After a while she said, "And the ocean – oh, how I long to see it! Is it near us, Jack?"

"The river runs into it twenty kilometres below. We feel the tide at Quimperlé." I did not add, "Baedeker."

"I wonder," I said presently, "what are the feelings of a little American who sees this country – the real country – for the first time?"

"I suppose you mean me," she said. "I don't know – I don't think I understand it yet, but I know I shall love it, and never want to go back."

"Perhaps we never shall," I said. "The magic second may stretch into years that end at last as all ends."

Then our hands met in that sudden nervous clasp which seemed to help and steady us when we were thinking of the real world, so long, so long forgotten.

IX

I was awakened next morning by a spongeful of cold water in the face, which I hate. I started up to wreak vengeance upon Sweetheart, but she fled to the toilet room and locked herself in. From this retreat she taunted me until further sleep was out of the question, and I bowed to the inevitable – indignantly, when I saw my watch pointed to five o'clock.

Sweetheart was perfectly possessed to row; so when I had bolted my coffee and sat watching her placidly sip hers, we decided to go down to the bank of the little stream and hire a boat. The boat was a wretched, shapeless affair, with two enormous oars and the remnants of rowlocks. It was the best boat in town, so we took it. I managed to get away from the bank, and, conscious of Sweetheart's open admiration, pulled boldly down the stream. It was easy work, for the tide was ebbing. The river up to the bridge was tidal, but above the bridge it leaped and flowed, a regular salmon stream. Sweetheart was so impatient to take the oars that I relinquished them and picked up my rod. The boat swung down the stream and under the high stone viaduct, where I insisted on anchoring and whipping the promising-looking water. The water was likely enough, and the sudden splash of a leaping grilse added to its likelihood. I was in hopes a grilse might become entangled with one of the flies, but though a big one shot up out of the water within five feet of Sweetheart, causing her to utter a suppressed scream, neither grilse nor trout rose to the beautiful lures I trailed about, and I only hooked two or three enormous dace, which came up like logs and covered the bottom of the boat with their coarse scales.

Sweetheart had never seen a French trout uncooked, and scarcely shared my disappointment.

"They are splendid fish," she repeated; "you are unreasonable."

There was an ancient Breton squatting on the bank; from his sulky attitude I took him to be a poacher visiting his infernal set lines and snares; but I hailed him pleasantly with a bonjour, which he returned civilly enough.

"Are there trout in this stream?"

"About the bridge," he replied cautiously.

"Have you caught any?"

"I ain't fishing," he said, much alarmed.

"What's that?" I demanded, pointing to as plump a trout as ever I saw, floating on the end of a string under the bank.

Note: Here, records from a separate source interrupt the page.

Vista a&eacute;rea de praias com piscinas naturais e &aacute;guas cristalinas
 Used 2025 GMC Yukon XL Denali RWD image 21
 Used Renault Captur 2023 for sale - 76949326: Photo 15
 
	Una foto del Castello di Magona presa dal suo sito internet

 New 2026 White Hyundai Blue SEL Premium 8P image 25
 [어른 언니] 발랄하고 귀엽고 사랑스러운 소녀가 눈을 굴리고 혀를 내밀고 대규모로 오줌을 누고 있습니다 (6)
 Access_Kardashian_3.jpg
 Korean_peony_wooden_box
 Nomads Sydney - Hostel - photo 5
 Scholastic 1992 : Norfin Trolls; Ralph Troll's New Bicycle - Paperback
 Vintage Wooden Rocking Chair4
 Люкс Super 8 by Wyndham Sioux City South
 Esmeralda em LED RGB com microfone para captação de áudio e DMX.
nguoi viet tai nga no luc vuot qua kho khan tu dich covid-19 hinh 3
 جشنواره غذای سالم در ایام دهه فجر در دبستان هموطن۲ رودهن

"Where?" he asked, looking about him with affected concern.

"There!"

He looked around, everywhere except where I pointed. He examined the horizon, and the tree tops, as though he expected a fish on every twig. I poled the boat up to the bank and pointed out the fish.

"Ma doui!" he exclaimed, "there is a fish!"

"Yes, a trout," I said.

"Trout?" He burst into a forced laugh. "Trout! Ha! ha! Why, monsieur, that is a dace – a poor little dace!" He hastily jerked it up with a long homemade gaff which lay – of course quite by accident – at his feet.